# Normalizer of a subgroup of prime index

• I
• Silviu

#### Silviu

Hello! Can anyone help me with this problem?

If H is a subgroup of prime index in a finite group G, show that either N(H)=G or N(H) = H.

Thank you!

What do you know about the index of a subgroup? And where is ##N_G(H)## settled with respect to ##H## and ##G##?

What do you know about the index of a subgroup? And where is ##N_G(H)## settled with respect to ##H## and ##G##?
Well as H has prime index it means it is cyclic. Also we have that p=ord(H) | ord(N) | ord(G). So we should have ord(N)=##k_1##p and ord(G)=##k_2##ord(N)=##k_1## ##k_2## p. So we have to show that either ##k_1##=1 or ##k_2##=1. This is what I got by now. But I don't know what to do next

Well as H has prime index it means it is cyclic. Also we have that p=ord(H) | ord(N) | ord(G). So we should have ord(N)=##k_1##p and ord(G)=##k_2##ord(N)=##k_1## ##k_2## p. So we have to show that either ##k_1##=1 or ##k_2##=1. This is what I got by now. But I don't know what to do next
So p=ord(H) | ord(N) | ord(G) means ##H \leq N_G(H) \leq G##. The index of ##H## is also equal to ##|G/H|##. Do you know what happens, if you factorize ##H## across these inclusions?

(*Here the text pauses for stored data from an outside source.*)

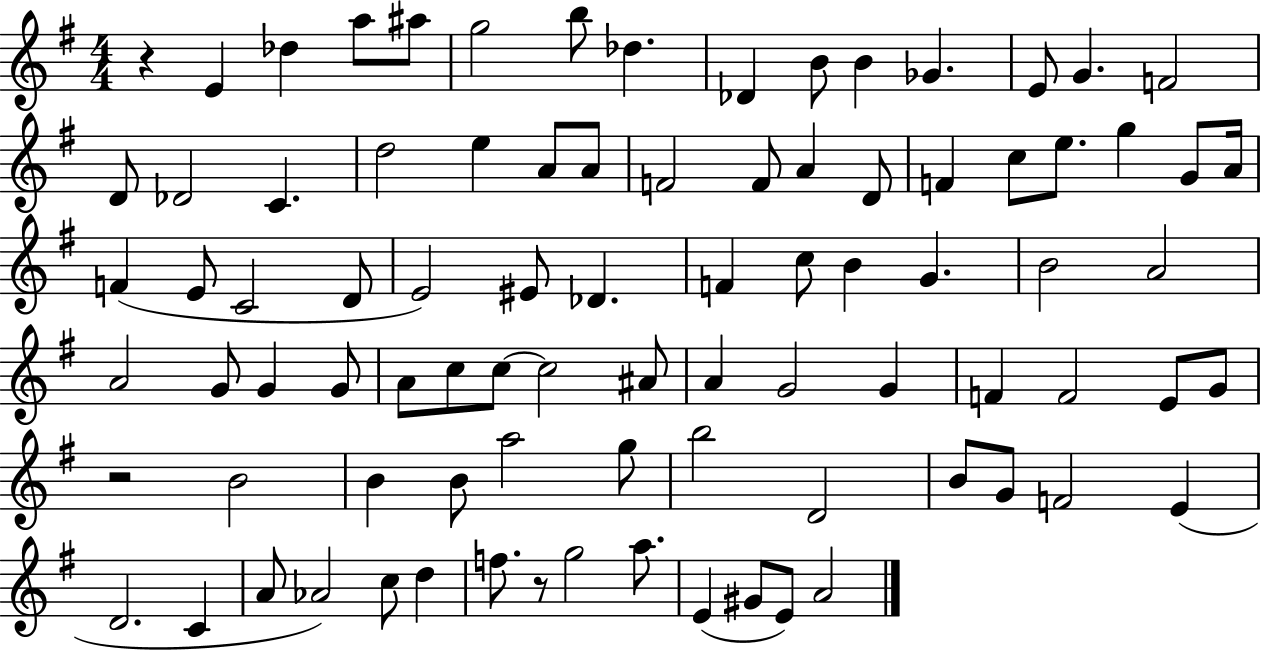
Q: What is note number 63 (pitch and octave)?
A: B4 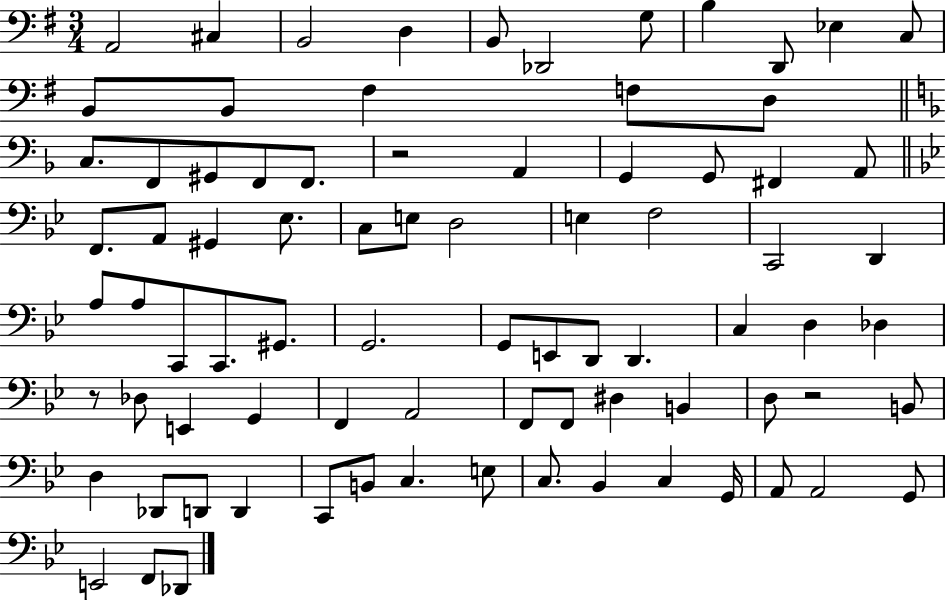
A2/h C#3/q B2/h D3/q B2/e Db2/h G3/e B3/q D2/e Eb3/q C3/e B2/e B2/e F#3/q F3/e D3/e C3/e. F2/e G#2/e F2/e F2/e. R/h A2/q G2/q G2/e F#2/q A2/e F2/e. A2/e G#2/q Eb3/e. C3/e E3/e D3/h E3/q F3/h C2/h D2/q A3/e A3/e C2/e C2/e. G#2/e. G2/h. G2/e E2/e D2/e D2/q. C3/q D3/q Db3/q R/e Db3/e E2/q G2/q F2/q A2/h F2/e F2/e D#3/q B2/q D3/e R/h B2/e D3/q Db2/e D2/e D2/q C2/e B2/e C3/q. E3/e C3/e. Bb2/q C3/q G2/s A2/e A2/h G2/e E2/h F2/e Db2/e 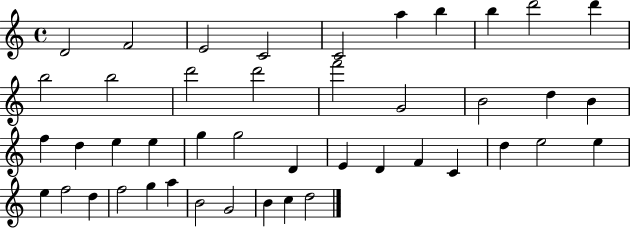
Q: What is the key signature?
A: C major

So p=ord(H) | ord(N) | ord(G) means ##H \leq N_G(H) \leq G##. The index of ##H## is also equal to ##|G/H|##. Do you know what happens, if you factorize ##H## across these inclusions?
Sorry I am a little confused. You mean something like ##|H/H| \le |N(H)/H| \le |G/H| ##? This means ##1 \le |N(H)/H| \le |G/H|##. So what next?

If ##|G/H|=p## prime, how many orders fit in between ##1## and ##p##?

The essential part to be confused of, is the fact, that these cosets are possible disregarding whether ##H## is normal or not. Do you know why?

If ##|G/H|=p## prime, how many orders fit in between ##1## and ##p##?

The essential part to be confused of, is the fact, that these cosets are possible disregarding whether ##H## is normal or not. Do you know why?
Thank you so much! I kept reading a subgroup of prime order. It is index not order. Now it is easy. Sorry for this and thank you again!